(WHAT TO DO): Copy out the listing below exactly, please, and skip any pictures.

(RECORDED INFORMATION):
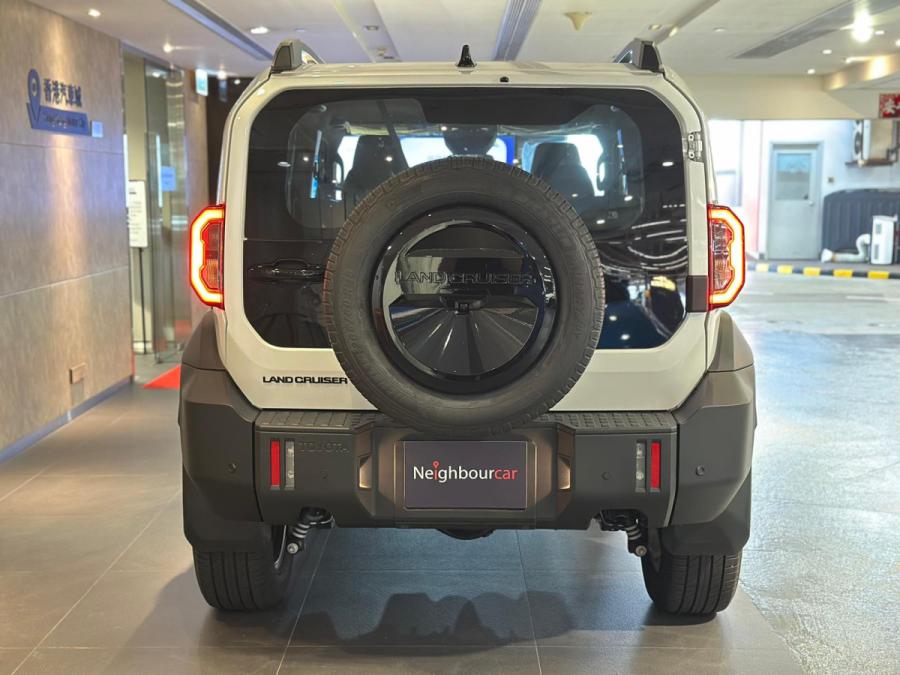 Land Cruiser FJ - Image 3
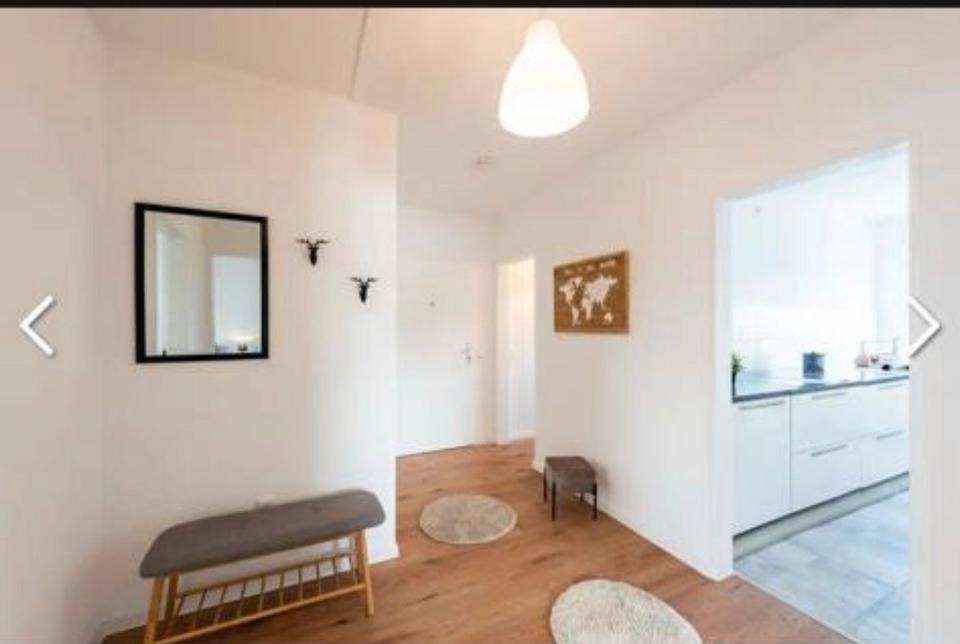 Thumbnail-3 Zimmer Wohnung mit Balkon in Bürstadt zu vermieten
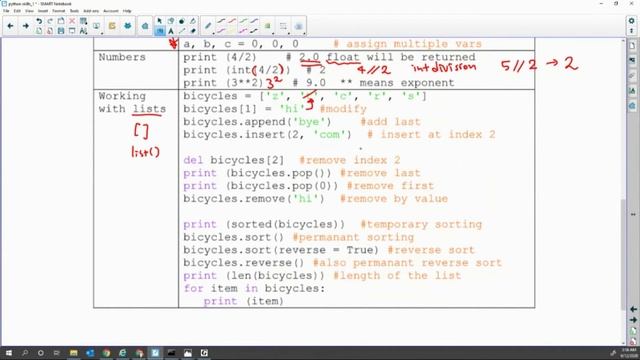 python skills 1 lecture part 2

(OUTPUT FOR THIS TASK):
 Land Cruiser FJ - Image 3
 Thumbnail-3 Zimmer Wohnung mit Balkon in Bürstadt zu vermieten
 python skills 1 lecture part 2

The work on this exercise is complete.